Your task is to lay out the dominoes so that the five products are all different, less than 1000, and in increasing order as you come down the rectangle. Just one row must have a product which is odd, just one must have a product which is a power of 2, and just one other must have a product which is a non-zero perfect square.

List the products of the five rows.

[enigma1592]

### One response to “Enigma 1592: Seeing spots”

1. jimrandell 23 January 2012 at 8:54 am

This one is easier to solve with pencil and paper, than it is to make a program to try all possibilities. Nevertheless here is a programmatic solution.

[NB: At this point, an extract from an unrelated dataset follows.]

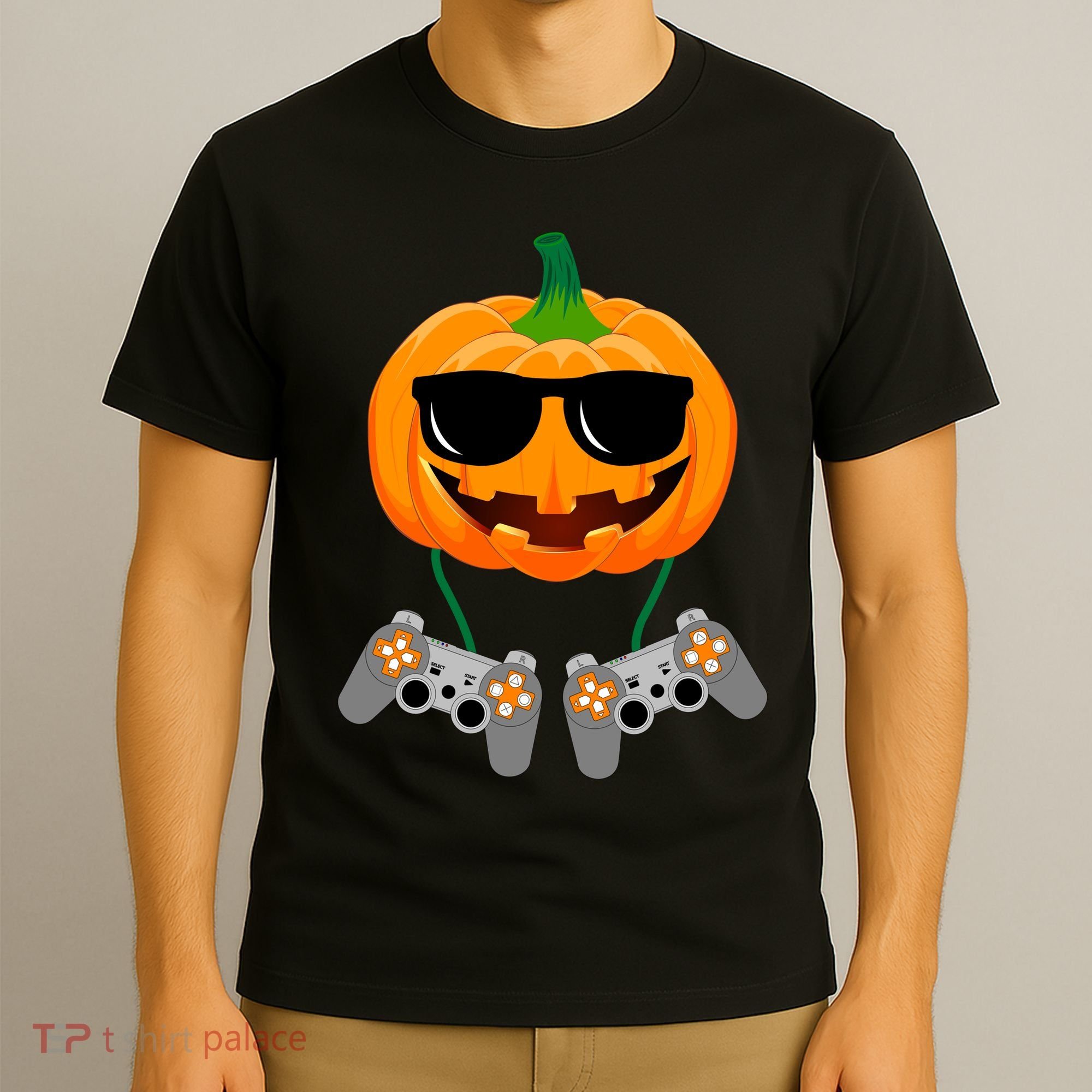 Cool Pumpkin Video Gamer T-Shirt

It seemed that generating the entire solution space and then looking for an answer would take a long time, so I split the problem into two phases (much like my paper solution). The first phase considers the possible partitioning of the the six 1’s, 2’s, 3’s and 4’s to create four rows with the necessary products. Careful reading of the puzzle is required, the “just one other” part means that the square must be from one of the rows other than the odd number and the power of two. The second phase is to take each of the candidate set of rows and try to tile it with the dominoes, generating and testing possibilities for each row in turn to avoid having to test huge numbers of potential grids. Once we find a suitable tiling of the grid we stop looking.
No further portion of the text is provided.